En el jardín de la iglesia cercana a la casa de mi abuelita había muchas jacarandas. Su color morado cobraba total significado cuando al llegar la primavera rebosaba sus ramas y al caer tapizaba el verde pasto; era una belleza salir a caminar y ver a lo lejos la forma circular del recinto color ladrillo de un solo piso rodeado de esos majestuosos árboles. La cereza del pastel sin embargo, era sentarnos en una de las bancas de hierro forjado blanco que rodeaban el lugar; desde ahí, veíamos salir a la gente al terminar la ceremonia, en ocasiones nos topábamos con la versión local del Jorobado de Notre Dame, – un jóven con retraso mental que ayudaba a los padres a tocar la campana desde el campanario-, o nos delitábamos con las paletas de hielo alojadas en un carrito que al pasar sonaba su pequeña campana. ¡Qué felicidad nos causaba pasar un rato en ese lugar! A los 7 u 8 años, todo parece mucho más grande de lo que es en realidad, sin embargo, aún hoy esos árboles son grandes y siguen pintando el paisaje.
Cerca de la iglesia estaba también el “Camino de las Llaves”; era literal un pasillo bordeado de árboles que lo sobreban, formado de pequeños cuadros de concreto en cuyo centro había una llave para abrir puertas, -o cualquier otra cosa que la necesitara-; cada llave era diferente tanto en color como en forma, se podían ver las de color laton, negras o plateadas; las había grandes y pequeñas, de forma redonda, hexagonal o vertical.
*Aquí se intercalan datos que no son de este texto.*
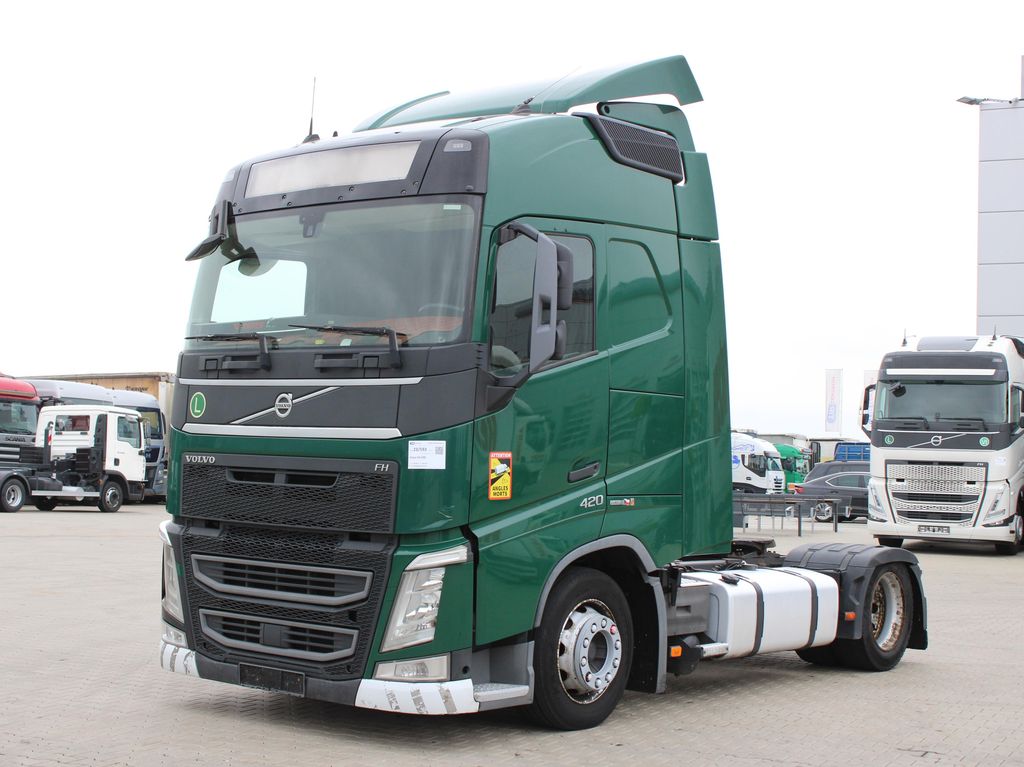 Volvo FH 420, LOWDECK, VEB+, NEZÁVISLÁ KLIMATIZACE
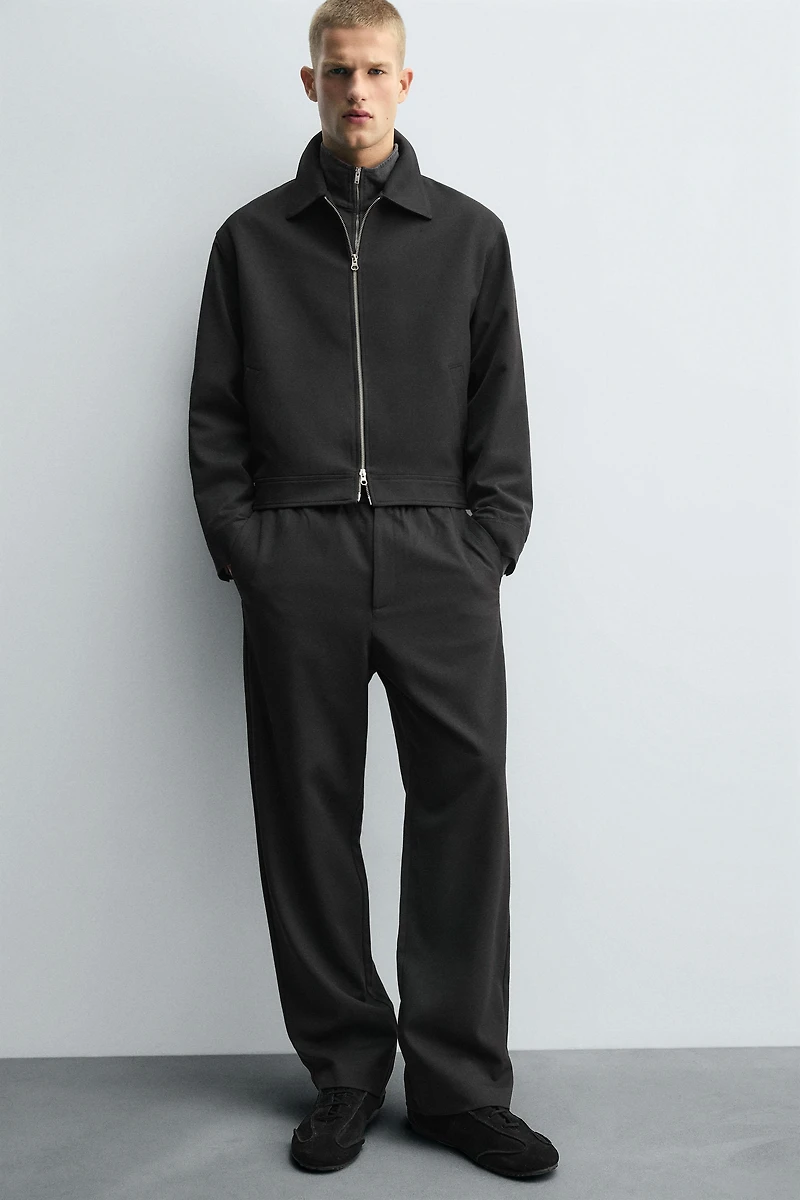 REGULAR FIT JOGGER WAIST PANTS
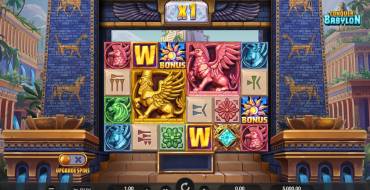 Conquer Babylon: Slot machine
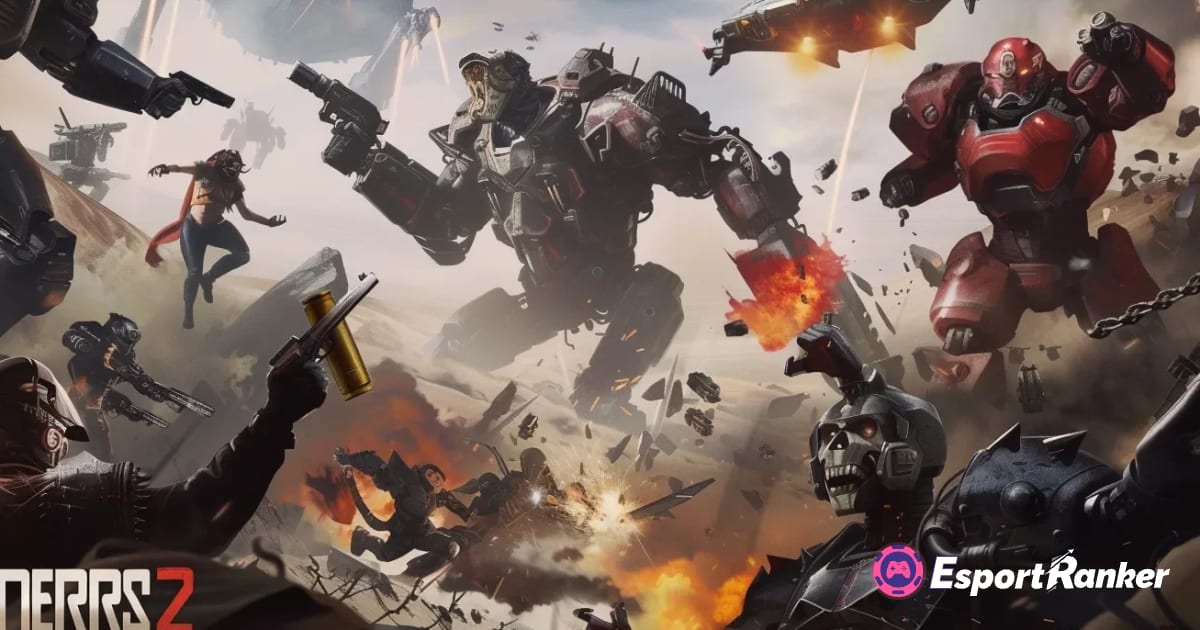 Dominar la facción de autómatas: una guía para sobrevivir a Helldivers 2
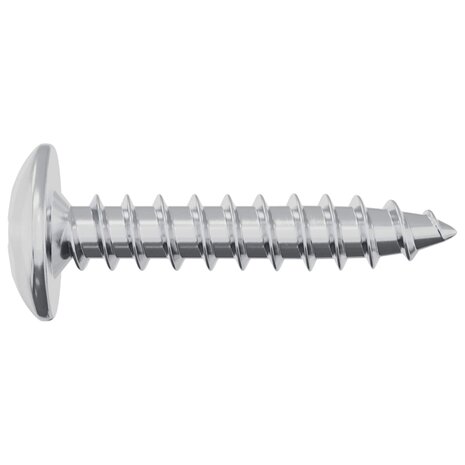 Zelftappende Nagel 10976 pcs Verzinkt Staal 4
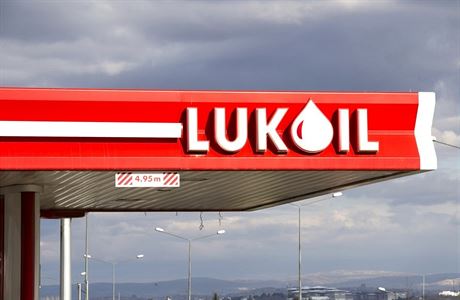 Ropná spolenost Lukoil.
Me gustaba pensar que cada llave contaba una historia; me imaginaba una puerta vieja en un rancho enorme en donde había un ropero de madera y grandes espejos; también pensaba en una baúl o un joyero, o en un candado viejo y oxidado que no recibía con agrado los intentos para abrirlo. Imaginaba que esas llaves estaban ahí esperando a que sus dueños quisieran usarlas, a que por fin se animaran a ir a buscarlas; ellas estarían ahí para siempre, listas para cumplir su misión: abrir los recuerdos.
Las jacarandas forman parte de las llaves que abren los recuerdos de mi infancia, sus flores en forma de vasito, caen en mi mente para abrir paso a una niña que sale a andar en bicicleta con sus vecinos y primos, que se sube a la avalancha y patina en 4 ruedas; que come merengues de la calle y escucha el silbido de los camotes mientras su hermana entra por la ventana de la cocina para que nadie se entere que salieron. El morado con verde siempre me hace recordar a esas niñas que peleaban todo el tiempo mientras no dejaban de buscarse. Me transportan hasta la sala de mi casa donde “Mamá Ia” nos enseñaba El Credo, o las tardes en las que “Mamá Tete” nos hacía rezar El Rosario; qué bonito es admitir que pasar tiempo con ellas fue un regalo enorme; -no me gustaban ni El Credo, ni el Rosario, pero no me atrevía a decirles-, con el tiempo entendí que rezar sin que me gustara fue un acto de amor; las amaba profundamente y era mi pequeña manera de regresarles tanto me daban. Las jacarandas también me recuerdan los campamentos, los perros adoptados y los viajes en carretera; para cuando llegué a la adolescencia, nos cambiamos de casa, -la primera que mis papás pudieron construir-; cada unos de nosotros aportamos una idea, así llegaron la chimenea, el domo, la sala a desnivel y el jacuzzi; no sé si ya lo tenían planeado, pero nos hicieron sentir que había algo en esa casa que cada uno quiso que tuviera. Lo que nadie pidió pero estaba en la entrada, era un árbol; ya para entonces había levantado algo del concreto de la banqueta y sus ramas podían atravesar la cochera hasta la ventana de la recámara de mis papás. Era una jacaranda.
Hoy en día, a mis 43 años y con 3 hijos, me pregunto, ¿cuáles serán las llaves de sus recuerdos?, ¿qué los hará remontarse a su infancia conmigo?, ¿se acordarán de las noches en que nos los quería soltar?, ¿recordarán las hora de juego?, ¿se llevarán su infancia con ellos para acudir a ella cuando todo parece no tener sentido?, ¿qué colores u olores les harán querer contar sobre esos tiempos?.